This article was adapted from a paper produced as part of the Future of Work Project, an inquiry supported by the Open Society Foundations.
Thirty-one years ago, I drove for Falls Church Yellow Cab in Virginia, just outside of Washington, DC. I had a history degree and radical politics, and taxi driving advertised itself as a way you could “work the hours you want and make the money you need.” The deal was straightforward: I paid “stand dues”—a fee that drivers pay to affiliate with a company or lease a company-owned car—and footed the gas bill. Anything I earned after that was mine. On a good day, I grossed $160; minus stand dues and gas, I might clear $100 in cash after twelve to fourteen hours. That was a living wage in 1983.
“Hacking” is slang for driving a cab, and it involves plenty of skill: reading maps, knowing back roads and shortcuts, anticipating where future calls will pop up and, of course, driving. In my case, that meant maneuvering a hulking Plymouth Fury with Slinkys for suspension and a bottomless pit for a gas tank.
I enjoyed the chesslike strategy of bidding on trips, anticipating when and where there would be business. I kept within a few feet of my cab at all times to stay in line on the stands or listen to the dispatch radio. I learned from industry veterans that one of the most important bidding skills was “long hooding”—essentially, fudging your car’s location by a few blocks or miles to make the dispatcher think you were closer to the potential passenger.
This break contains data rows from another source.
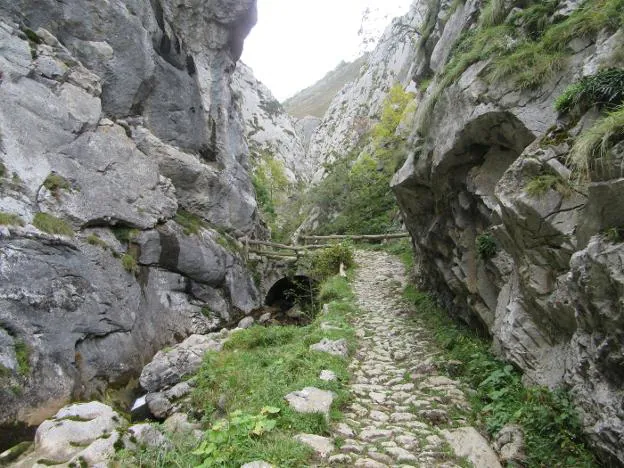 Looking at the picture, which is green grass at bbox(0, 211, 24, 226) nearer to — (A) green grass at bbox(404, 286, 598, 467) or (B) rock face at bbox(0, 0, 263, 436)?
(B) rock face at bbox(0, 0, 263, 436)

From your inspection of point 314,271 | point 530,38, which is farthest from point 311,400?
point 314,271

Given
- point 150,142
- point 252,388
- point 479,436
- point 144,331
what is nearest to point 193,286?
point 144,331

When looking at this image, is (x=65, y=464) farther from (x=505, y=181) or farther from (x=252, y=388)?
(x=505, y=181)

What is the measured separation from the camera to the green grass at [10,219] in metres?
10.5

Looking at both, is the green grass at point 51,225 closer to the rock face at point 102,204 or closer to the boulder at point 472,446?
the rock face at point 102,204

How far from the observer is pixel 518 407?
5.36 meters

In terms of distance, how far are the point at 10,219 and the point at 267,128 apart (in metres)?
52.7

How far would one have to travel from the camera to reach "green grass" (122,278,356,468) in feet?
15.1

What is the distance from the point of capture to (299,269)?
74.7 feet

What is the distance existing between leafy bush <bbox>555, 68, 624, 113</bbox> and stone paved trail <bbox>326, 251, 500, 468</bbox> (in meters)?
4.40

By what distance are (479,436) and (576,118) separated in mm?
4298

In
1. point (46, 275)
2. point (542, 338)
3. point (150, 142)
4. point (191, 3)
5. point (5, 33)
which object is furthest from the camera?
point (191, 3)

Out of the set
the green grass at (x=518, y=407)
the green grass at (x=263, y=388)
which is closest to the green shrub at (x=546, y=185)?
the green grass at (x=518, y=407)

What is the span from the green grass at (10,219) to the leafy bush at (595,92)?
489 inches
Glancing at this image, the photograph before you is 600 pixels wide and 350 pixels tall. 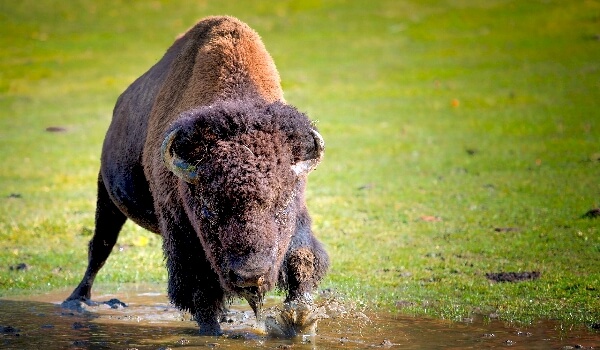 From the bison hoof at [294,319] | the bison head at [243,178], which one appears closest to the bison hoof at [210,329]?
the bison hoof at [294,319]

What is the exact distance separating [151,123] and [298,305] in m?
2.55

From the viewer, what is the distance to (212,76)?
26.8 ft

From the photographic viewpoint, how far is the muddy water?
7.61 m

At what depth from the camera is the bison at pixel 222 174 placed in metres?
6.75

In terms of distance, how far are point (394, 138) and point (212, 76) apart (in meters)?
14.2

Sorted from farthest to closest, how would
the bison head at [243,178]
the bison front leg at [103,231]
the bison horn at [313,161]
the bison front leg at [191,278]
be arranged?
1. the bison front leg at [103,231]
2. the bison front leg at [191,278]
3. the bison horn at [313,161]
4. the bison head at [243,178]

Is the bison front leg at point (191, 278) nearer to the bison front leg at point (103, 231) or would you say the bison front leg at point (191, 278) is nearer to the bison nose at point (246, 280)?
the bison nose at point (246, 280)

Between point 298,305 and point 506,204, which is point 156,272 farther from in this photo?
point 506,204

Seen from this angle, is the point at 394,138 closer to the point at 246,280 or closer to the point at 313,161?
the point at 313,161

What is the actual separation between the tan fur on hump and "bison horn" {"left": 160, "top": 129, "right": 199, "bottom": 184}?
2.92 ft

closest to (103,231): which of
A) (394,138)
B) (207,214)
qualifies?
(207,214)

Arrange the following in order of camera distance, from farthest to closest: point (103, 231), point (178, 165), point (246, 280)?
point (103, 231), point (178, 165), point (246, 280)

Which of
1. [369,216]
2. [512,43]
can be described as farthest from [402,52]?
[369,216]

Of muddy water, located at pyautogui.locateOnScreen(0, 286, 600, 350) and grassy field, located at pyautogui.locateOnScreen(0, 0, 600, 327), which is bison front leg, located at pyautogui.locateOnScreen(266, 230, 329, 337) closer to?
muddy water, located at pyautogui.locateOnScreen(0, 286, 600, 350) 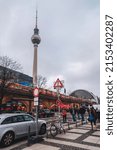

There was a sense of accomplishment when I hacked a series of short trips (referred to as “jerks”) during slow periods. My goal: keep the meter running.
Except for some modest variations and technological improvements, the system I drove under is still in effect today. Virginia law treats taxis as a public utility, and the state is divided into over 95 counties, each with its own code. This has resulted in some important differences between jurisdictions. In Alexandria, over 90 percent of the cabs are owned by their drivers, while in nearby Arlington, the figure is just over half. But in either case, a car and its driver are affiliated with a single company.
In Northern Virginia, the number of taxis in each jurisdiction is capped by local law; in practice, one company controls a majority of cabs in any given area. So in Arlington, for example, 455 out of the district’s 787 cabs are affiliated with Neil Nichols’s Red Top/Arlington Yellow Cab company. All jurisdictions have rules prohibiting drivers from switching companies. By limiting the total number of cabs, the system guarantees work and promises drivers a living wage. Until the entry of app-based services, cab companies operated with all of their allocated “slots” either sold or rented to drivers.